[Short descriptive text snippets]

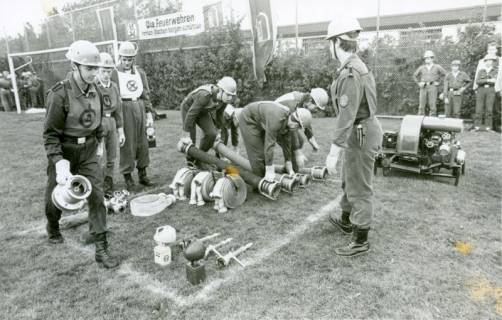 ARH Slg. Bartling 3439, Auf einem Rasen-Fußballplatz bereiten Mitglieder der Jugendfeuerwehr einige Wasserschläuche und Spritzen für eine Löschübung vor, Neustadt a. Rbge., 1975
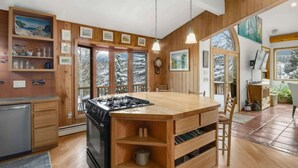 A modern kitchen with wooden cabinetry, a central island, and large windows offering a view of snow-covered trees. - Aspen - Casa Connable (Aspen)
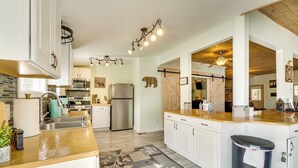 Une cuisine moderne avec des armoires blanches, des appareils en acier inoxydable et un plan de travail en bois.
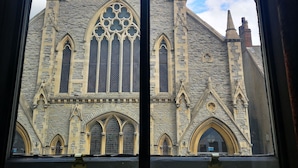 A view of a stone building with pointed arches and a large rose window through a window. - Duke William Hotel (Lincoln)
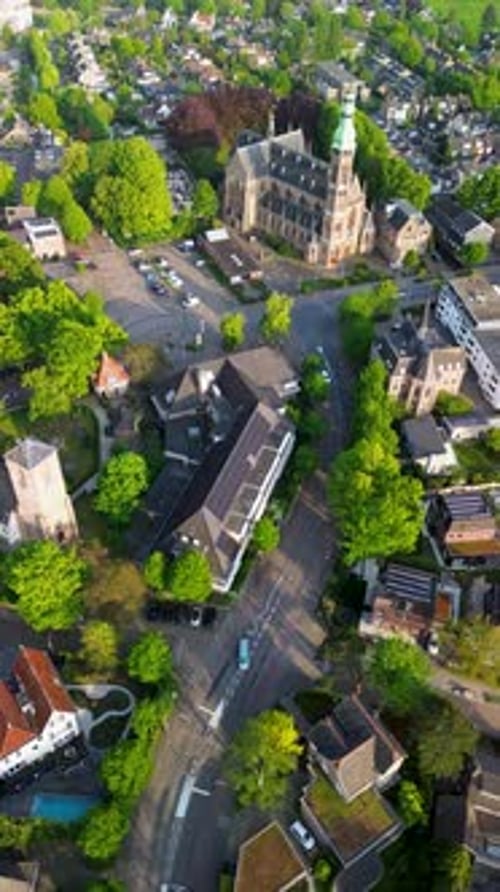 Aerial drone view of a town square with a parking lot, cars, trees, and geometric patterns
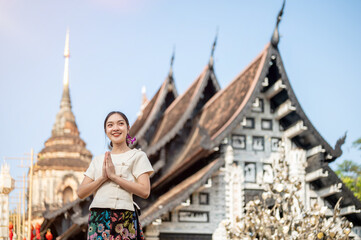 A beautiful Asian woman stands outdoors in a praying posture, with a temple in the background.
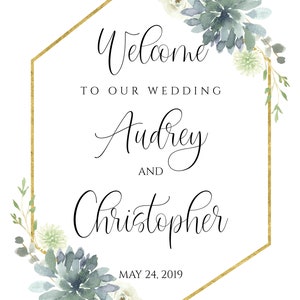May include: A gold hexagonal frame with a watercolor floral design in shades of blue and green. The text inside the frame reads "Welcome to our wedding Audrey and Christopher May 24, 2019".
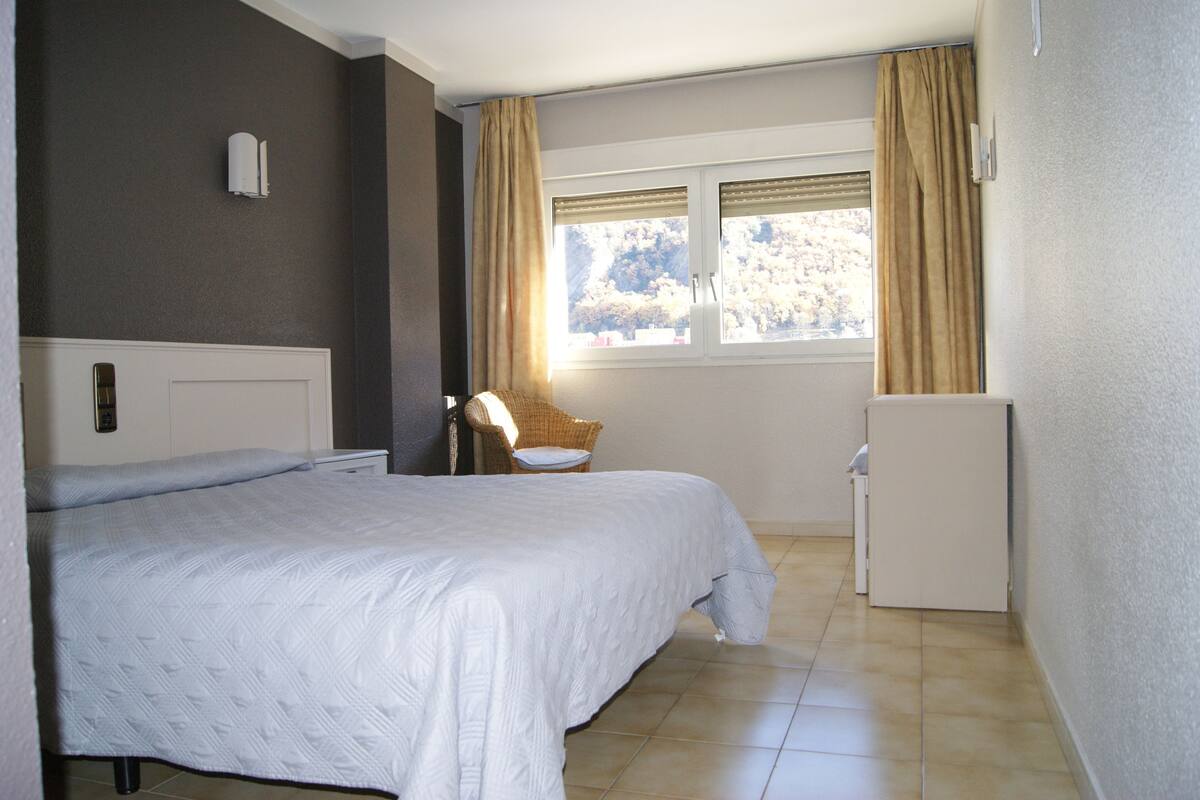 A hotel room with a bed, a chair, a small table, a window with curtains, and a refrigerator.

==

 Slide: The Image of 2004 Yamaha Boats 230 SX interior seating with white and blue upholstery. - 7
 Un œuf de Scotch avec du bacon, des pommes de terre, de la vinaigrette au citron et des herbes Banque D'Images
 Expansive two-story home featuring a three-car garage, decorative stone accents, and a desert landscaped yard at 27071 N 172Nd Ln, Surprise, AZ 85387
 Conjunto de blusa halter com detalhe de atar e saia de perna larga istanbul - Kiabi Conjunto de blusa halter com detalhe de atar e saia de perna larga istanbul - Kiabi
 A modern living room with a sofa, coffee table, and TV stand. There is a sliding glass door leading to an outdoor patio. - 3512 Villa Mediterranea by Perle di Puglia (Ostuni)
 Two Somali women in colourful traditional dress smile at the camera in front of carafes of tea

What is being asked: What belongs in the answer is each line above from the line with "ARH Slg. Bartling" to the line with "Aerial drone view", inclusive, reproduced exactly and free of pictures.

Result below:
 ARH Slg. Bartling 3439, Auf einem Rasen-Fußballplatz bereiten Mitglieder der Jugendfeuerwehr einige Wasserschläuche und Spritzen für eine Löschübung vor, Neustadt a. Rbge., 1975
 A modern kitchen with wooden cabinetry, a central island, and large windows offering a view of snow-covered trees. - Aspen - Casa Connable (Aspen)
 Une cuisine moderne avec des armoires blanches, des appareils en acier inoxydable et un plan de travail en bois.
 A view of a stone building with pointed arches and a large rose window through a window. - Duke William Hotel (Lincoln)
 Aerial drone view of a town square with a parking lot, cars, trees, and geometric patterns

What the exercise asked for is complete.